Print the records exactly and in full, please; the pictures stay out.
*** Opening of Data under study ***
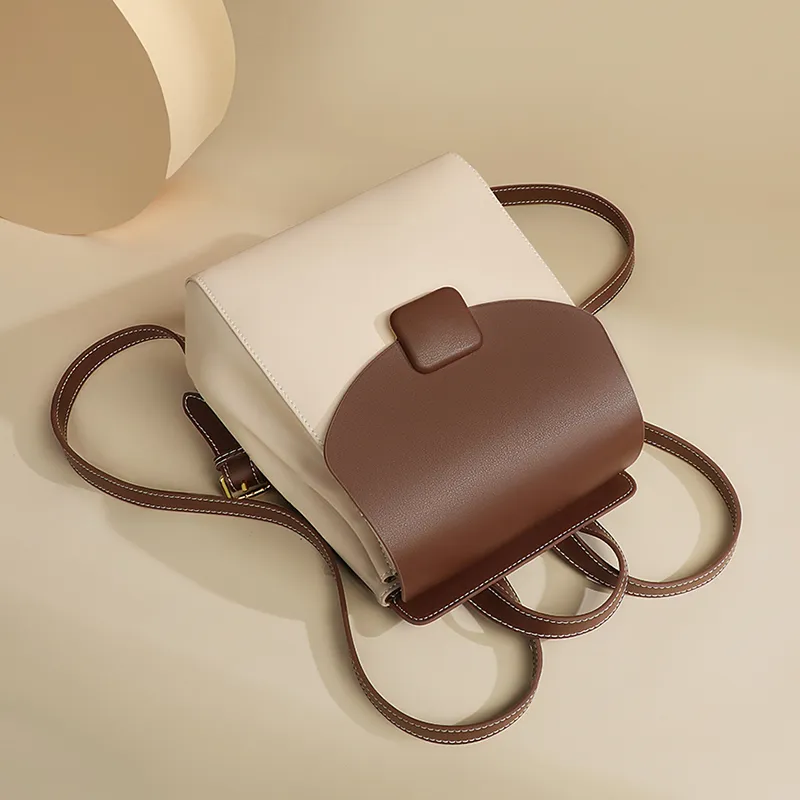 VINEY Cow Leather Backpack Regular Women's White & Coffee-3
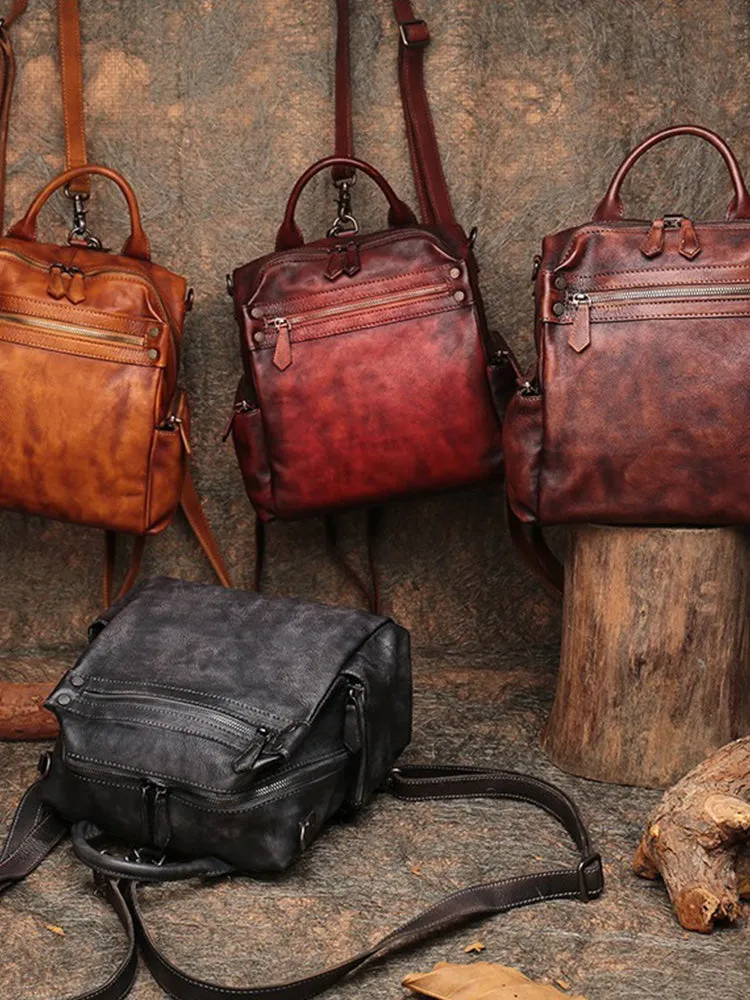 Vintage Coffee Leather Rucksack Bag Womens School Backpack Ladies Leather Backpack Purses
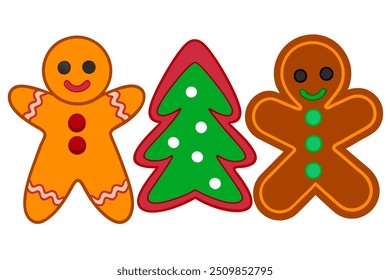 Vector Line Art Christmas Cookies on White Background. Vector Illustration, Logo Icon, Clipart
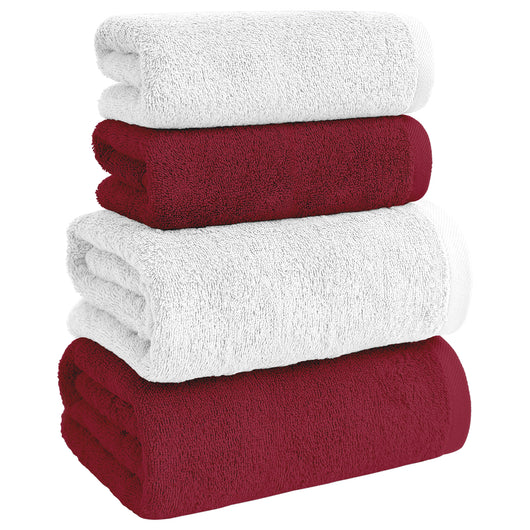 Asciugamani Bagno 100% Spugna Puro Cotone 500 Gr 4 Pezzi 2 Salvietta Viso 2 Asciugamano Ospite Mani Qualità Certificato Oeko-Tex Salviette Super Morbide Bicolore Bianco/Bordeaux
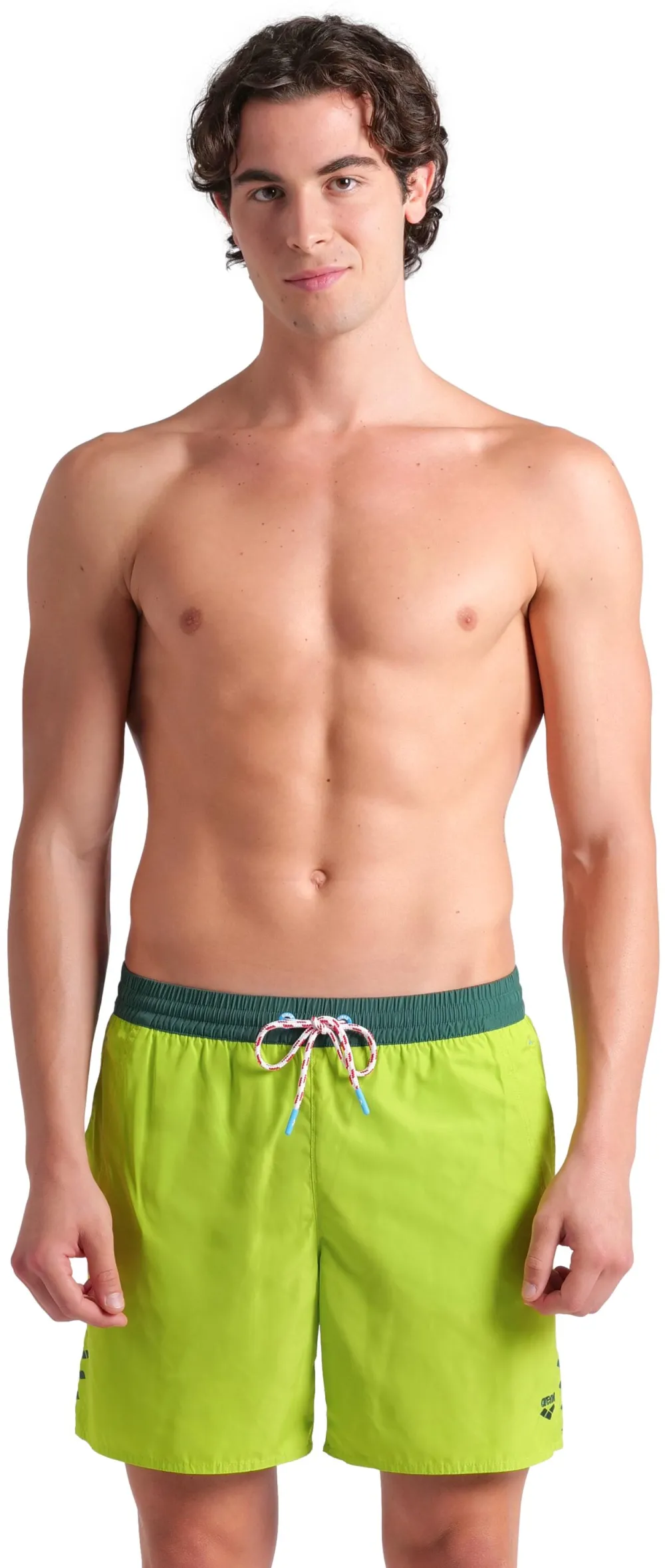 Arena - short inot barbati - Team Stripe Beach Boxer - Arctic-Lime-Mangrove - S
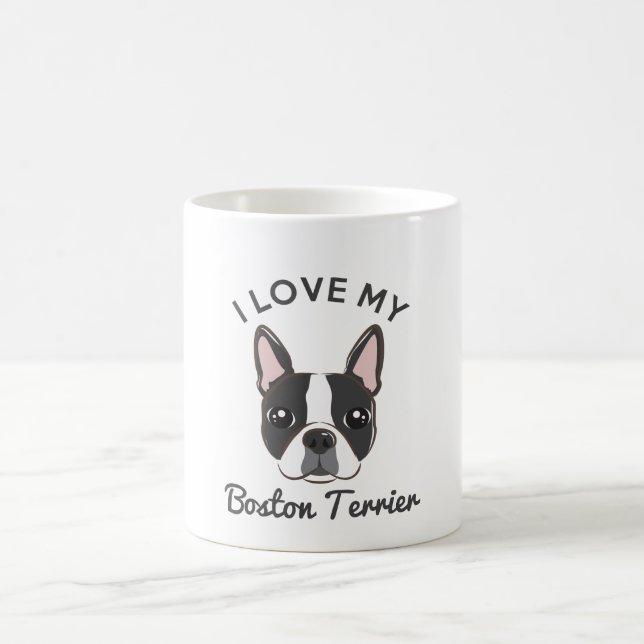 "Eu amo meu caneca de café de Boston Terrier" (Centro)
*** Close of Data under study ***
■ **Your response**
 VINEY Cow Leather Backpack Regular Women's White & Coffee-3
 Vintage Coffee Leather Rucksack Bag Womens School Backpack Ladies Leather Backpack Purses
 Vector Line Art Christmas Cookies on White Background. Vector Illustration, Logo Icon, Clipart
 Asciugamani Bagno 100% Spugna Puro Cotone 500 Gr 4 Pezzi 2 Salvietta Viso 2 Asciugamano Ospite Mani Qualità Certificato Oeko-Tex Salviette Super Morbide Bicolore Bianco/Bordeaux
 Arena - short inot barbati - Team Stripe Beach Boxer - Arctic-Lime-Mangrove - S
 "Eu amo meu caneca de café de Boston Terrier" (Centro)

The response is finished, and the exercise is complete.